Salah satu poin utama kesepakatan, adalah pencairan kompensasi bagi warga terdampak yang akan dilakukan melalui mekanisme dan prosedur yang berlaku.
“Intinya, masyarakat dapat menerima hasil kesepakatan. Proses pencairan kompensasi akan segera dilaksanakan sesuai prosedur, dan kami terus mendorong percepatan melalui koordinasi intensif dengan semua pihak,” jelasnya.
Selama enam hari terakhir, proses mediasi dilakukan secara simultan oleh seluruh pemangku kepentingan.
Meskipun terdapat dinamika di lapangan, komunikasi yang dilakukan secara berkelanjutan akhirnya membuahkan hasil positif.Terkait besaran kompensasi, Pemkot Kediri menyampaikan bahwa saat ini masih dalam proses kajian oleh tim ahli.
Hasil kajian tersebut nantinya akan menjadi dasar penentuan nominal kompensasi, dengan tetap mempertimbangkan aspirasi masyarakat.

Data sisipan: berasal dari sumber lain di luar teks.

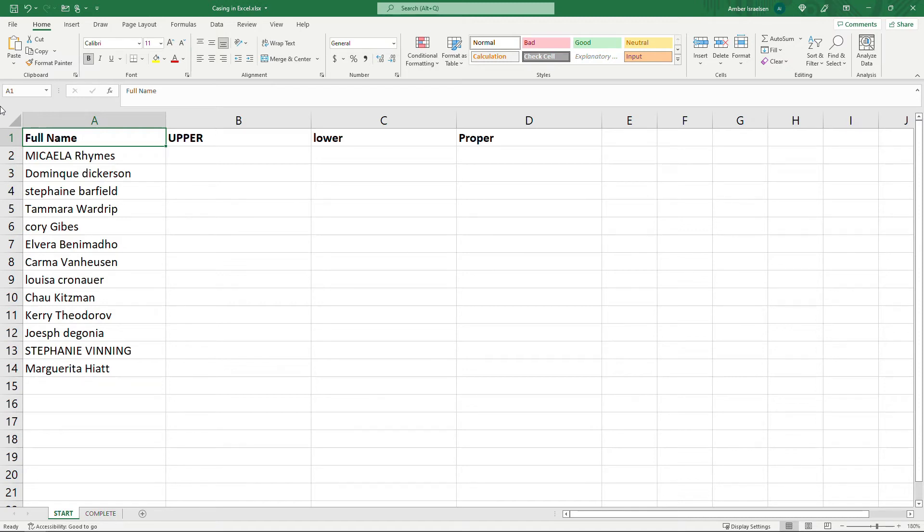Hi friends and thanks for tuning in. In this video I'll show you how to easily change the casing of your text in Excel.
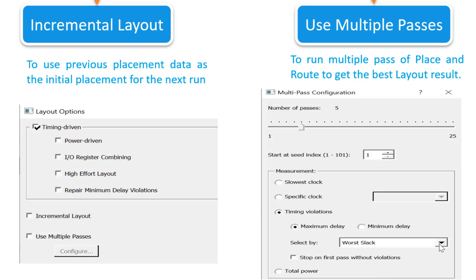For example, if the number of iterations is 3 and Total Negative Slack is enabled: in the first iteration the sum of negative slacks from the first 100 paths is -250, in the second iteration the value is -50, and in the third iteration the value is -100. The tool determines the second iteration is the best one, since -50 is the largest value among the three.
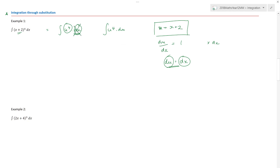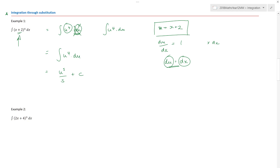That means I can now write the integral as U⁴ dU, integrating with respect to U. That gives me U⁵/5 plus C. But that's not the end, because we used U to solve the question. I have to turn the U's back into x's by reverse substituting. Since U was x + 2, I replace it, and the answer is (x + 2)⁵/5 plus C. This process works for most questions I've ever seen.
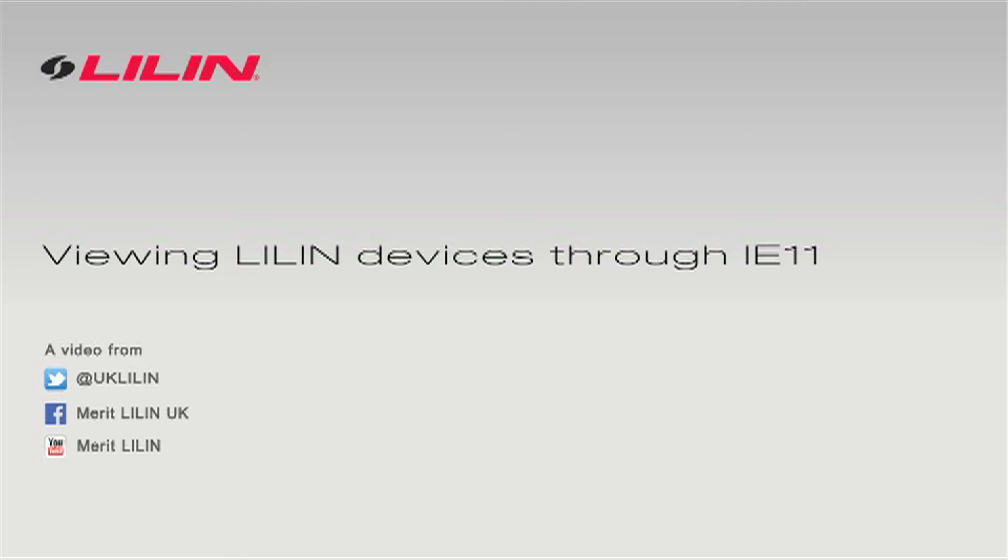If you're having trouble viewing your Leland device through Internet Explorer 11, please follow these steps.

"Yang terpenting, kebutuhan dan aspirasi warga dapat diakomodasi, sementara proses tetap berjalan sesuai ketentuan,” tambahnya.

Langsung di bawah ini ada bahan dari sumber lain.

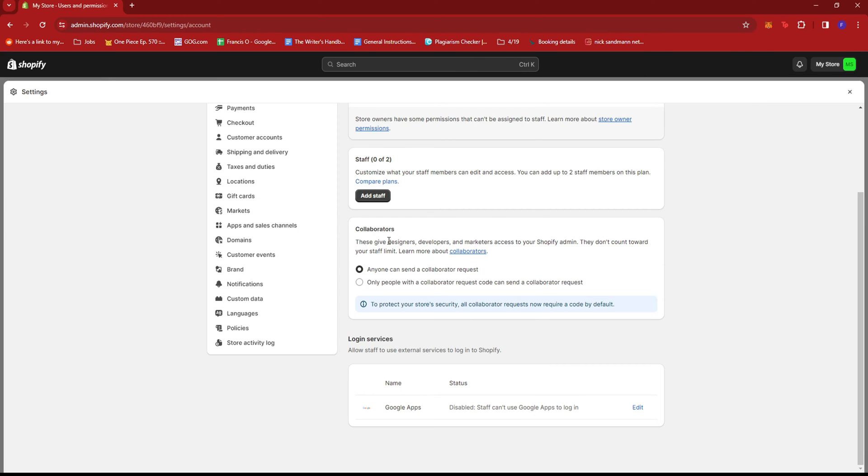If we check this section right here, we can see that these give designers, developers, and marketers access to your Shopify admin and they don't count towards your staff limit.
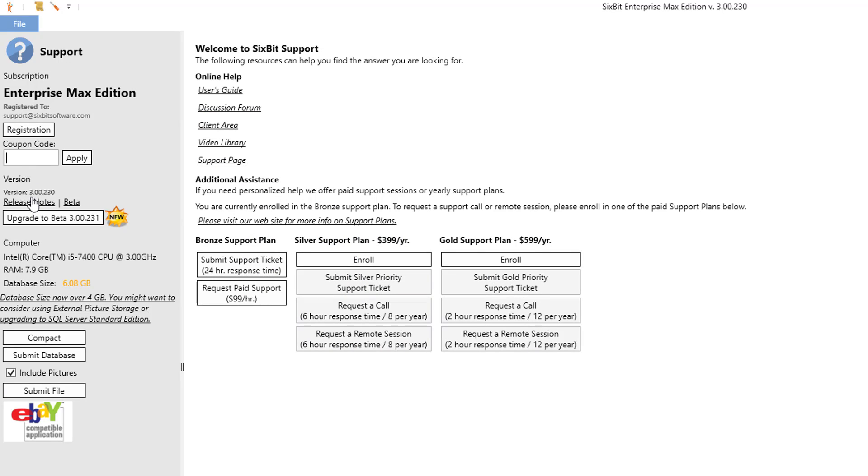The version number is available as well as links to both the release notes and the beta release notes. If you're ready for an upgrade to the beta or the full version, a button will allow you to easily upgrade.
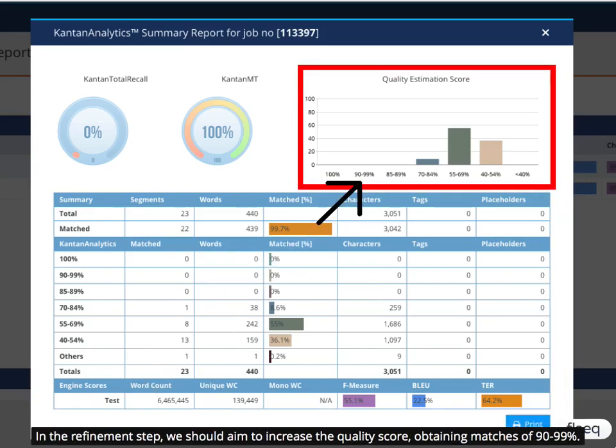In the refinement step, we should aim to increase the quality score, obtaining matches of 90 to 99%.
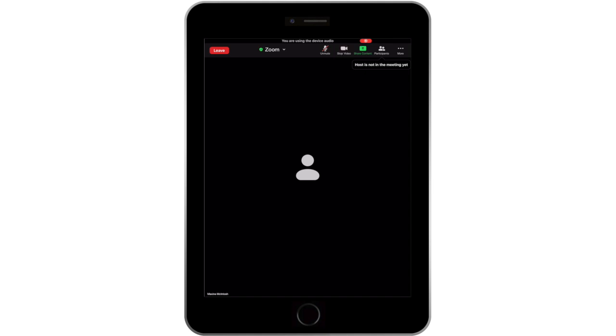When you are ready to talk, simply click the Mute button again. You can tell you are off mute when the red slash through the microphone icon goes away and it says Mute instead of Unmute below the icon.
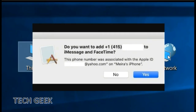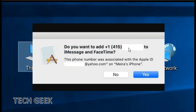Fourth step. Now, if you have already signed in with your Apple ID on Mac, you will get a notification on the home screen asking do you want to add this number to iMessage and FaceTime. Click yes and finally you have successfully added your phone number. Turn it on in iMessage on your Mac.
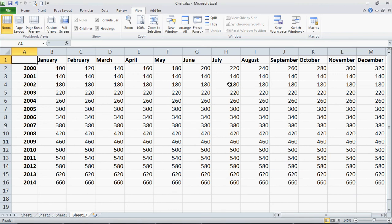In this tutorial I'm going to show you how to freeze rows and or columns. I have a calendar set up here with random numbers entered, and let's say I want to freeze this top row here.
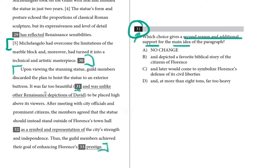Upon viewing the stunning statue, guild members discarded the idea to hoist the statue to an exterior buttress — they decided not to lift it up to the exterior of a building. It was far too beautiful — that's reason one — to be placed high above its viewers. After meeting with city officials and prominent citizens, the members agreed that the statue should instead stand outside of Florence's town hall as a symbol and representation of the city's strength and independence. Thus, the guild members achieved their goal of enhancing Florence's prestige.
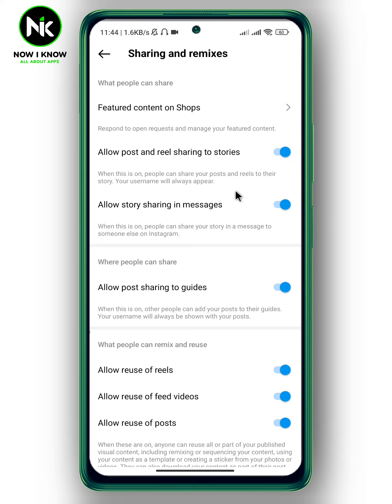When people share your posts or reels on their stories, other friends will know where the original content comes from. And this is it — this is how to allow sharing stories on Instagram. Thanks for watching, see y'all!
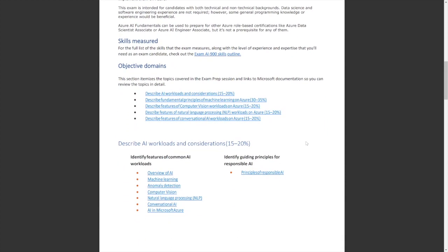So the next thing you want to know is what key areas do I need to focus on? That's in the objective domains. Describe AI workloads and considerations. Describe fundamental principles of machine learning on Azure. Describe features of computer vision workloads on Azure. Describe features of natural language processing workloads on Azure. Describe features of conversational AI workloads on Azure.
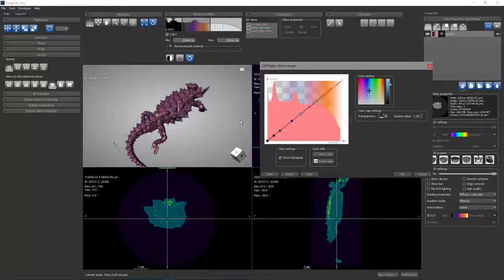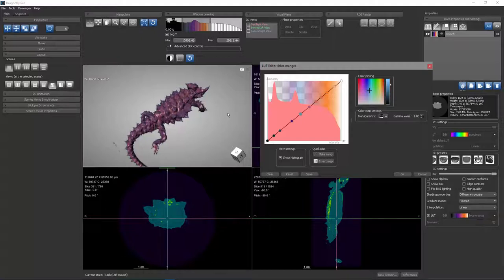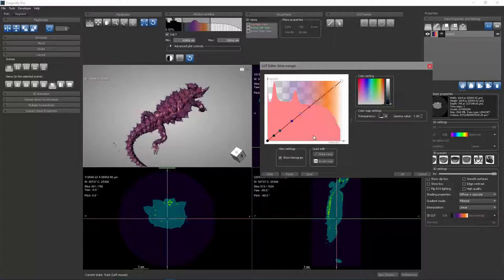So I could make that node bright blue if I wanted. Now you see there's a bright blue hue in some of these surface features on the Moloch. You can also take a node and choose to delete it. These nodes are referred to as keys.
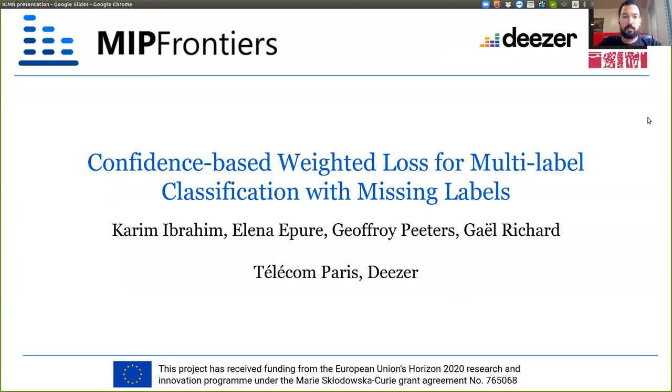Hello, my name is Karim and I'll be giving a presentation on our paper: Confidence-based Weighted Loss for Multi-label Classification with Missing Labels.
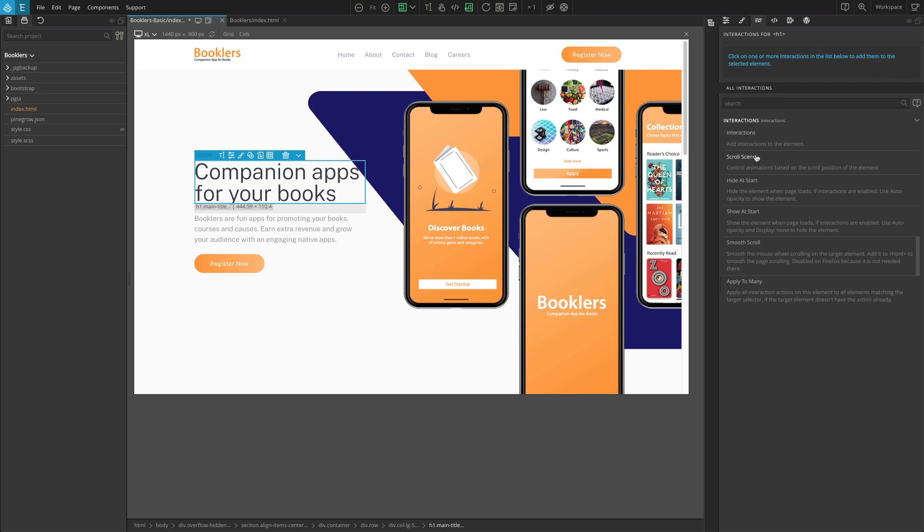Scroll scene is used to animate the content when the element is scrolled in and out of the view.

Ke depan, Pemkot Kediri berkomitmen untuk memperkuat komunikasi dan sinergi dengan masyarakat, serta seluruh stakeholder guna mencegah kejadian serupa terulang kembali.
Sementara itu, Camat Mojoroto, Abdul Rahman menyampaikan bahwa pembukaan kembali TPA 2 Klotok menjadi kabar baik bagi masyarakat Kota Kediri, yang sebelumnya terdampak penutupan.

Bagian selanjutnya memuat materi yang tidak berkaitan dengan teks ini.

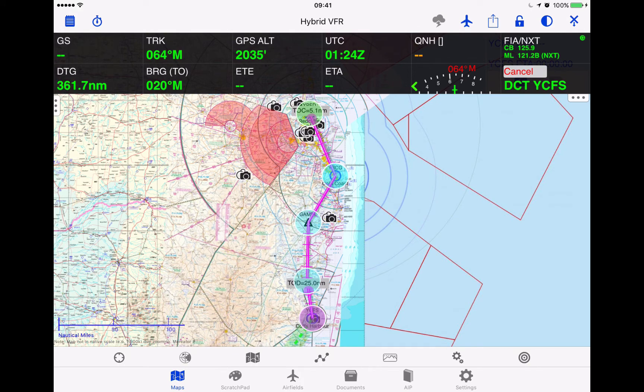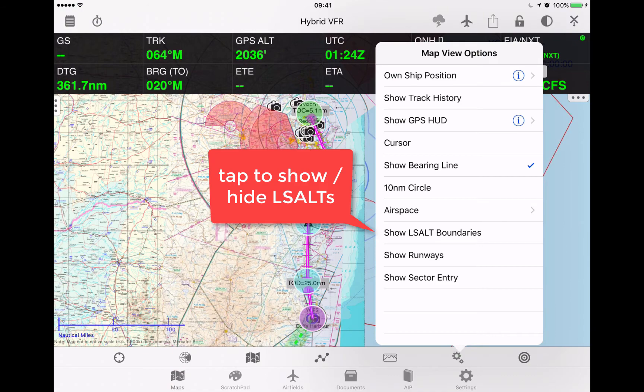G'day. In this quick video we're going to look at how to select lower safe altitude and get those to display on the map. First of all, we go to map view options, then we select show lower safe boundaries.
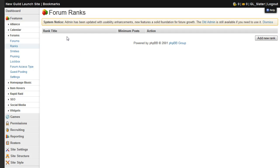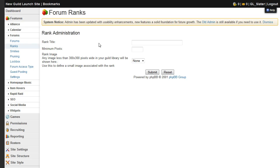We don't have any at the moment, but to add a new one, click add new rank and name the rank.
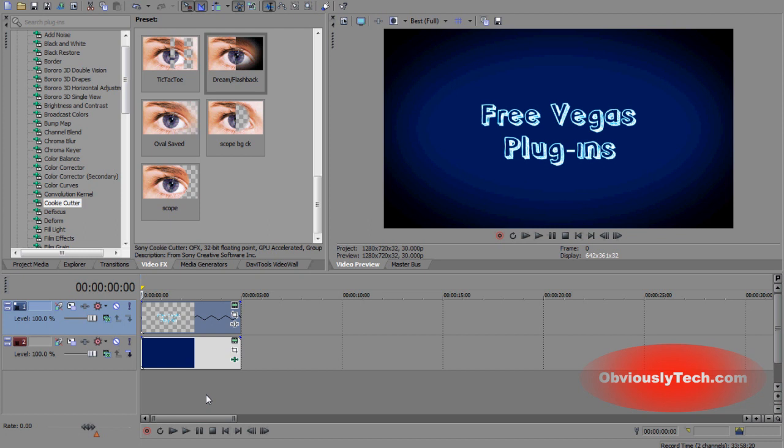Today I'm going to be kicking off the start to a new series that is going to be introducing you to free Sony Vegas plugins and extensions. Through this series you'll be able to get some actually pretty useful plugins and extensions that will help spice up your videos and give you a nice interface in Vegas to work with some special effects and stuff like that.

“Hari ini kita menyaksikan TPA 2 Klotok telah dibuka kembali, sehingga keresahan masyarakat terkait pembuangan sampah dapat terurai,” ujarnya.
Ia juga mengapresiasi, seluruh pihak yang telah berkontribusi dalam penyelesaian permasalahan ini, termasuk unsur Polri, TNI, dan Satpol PP, yang turut membantu menjaga kondusivitas selama proses berlangsung.
Abdul Rahman menambahkan, tuntutan masyarakat terkait kompensasi bagi warga terdampak, khususnya di wilayah ring 1 yang meliputi RW 02, RW 03, dan RW 05 dengan total sekitar 1.400 kepala keluarga, akan tetap diproses sesuai mekanisme dan peraturan perundang-undangan yang berlaku.
“Masyarakat memahami bahwa penentuan kompensasi harus melalui kajian, sehingga pemerintah tetap berjalan sesuai aturan,” paparnya.
Pemkot Kediri berharap, dengan tercapainya kesepakatan ini, tidak akan terjadi kembali penutupan atau blokade di masa mendatang, serta hubungan komunikasi antara pemerintah dan masyarakat dapat semakin baik.